Postby znomit on Fri 30/May/08 9:57pm

Only recently finished my curtain rail lights, which are fantastic but 12AA batteries is a PITA.
http://www.candlepowerforums.com/vb/sho ... p?t=194093

Solution....
Dynamo power
I have one on my road bike and its nice to never worry about getting home before dark of running on low power because you're conserving batteries.
Dynamos put out around 500mA, a nice current level for a cree, or four.
And they are pretty efficient these days. The good ones draw 2w when the light is off, and about 50% efficient when on. So 12w of leg power = 5w of LED... 500lm :cool:

4 Cree R2 LEDs and medium MR11 optic from Cutter.
Housing from nightlightning. I usually make my own but a bit short on time these days.
Dynamo drive circuit from Martin at www.pilom.com

Mount and Dynamo from Crankit here in Palmy. Whenever I go in there and ask about Dynos they have exactly what I want.
I went with the older shimano dn70 because they had one in stock and I got a good deal on it.
If I rode the MTB a lot or competitively I'd look at a newer model (got a dn71 on the road bike). Probably a nicer bike too!

All I had to fabricate was the aluminium bracket between cateye mounts and lighthead,
and put a switch hole in the plastic cap that stops the steerer tube top.

Image

Thats the on/off button on top of the steerer tube.
Heres whats inside:
Some scary electronics that switch between different modes at high and low speed. You can build a simple manual circuit for about 20$ but when you slow below 10kph you need to hit a switch. The scary electronics do this automagically.

Image
My steerer tube has a taper near the bottom so the board wont fall through... capacitors hang below it, still within the tube.
The dyno wires and LED wires run out the bottom (LED via connector).

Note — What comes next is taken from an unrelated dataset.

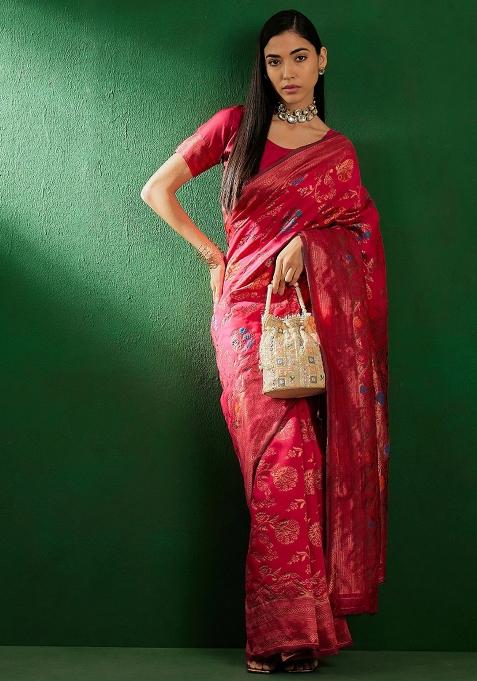 Pink Motif Silk Saree Set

And heres the business end:
Image

Output is enough to see by at walking speed and ramps smoothly up to 650lm at 20kph!

Cost was about 500 all up. It helped buying things a little at a time!
Should last forever, never have to rebuild a battery pack, never miss a ride opportunity because the battery isn't charged.
And hopefully 650lm is enough to stop me from wanting to upgrade every few months!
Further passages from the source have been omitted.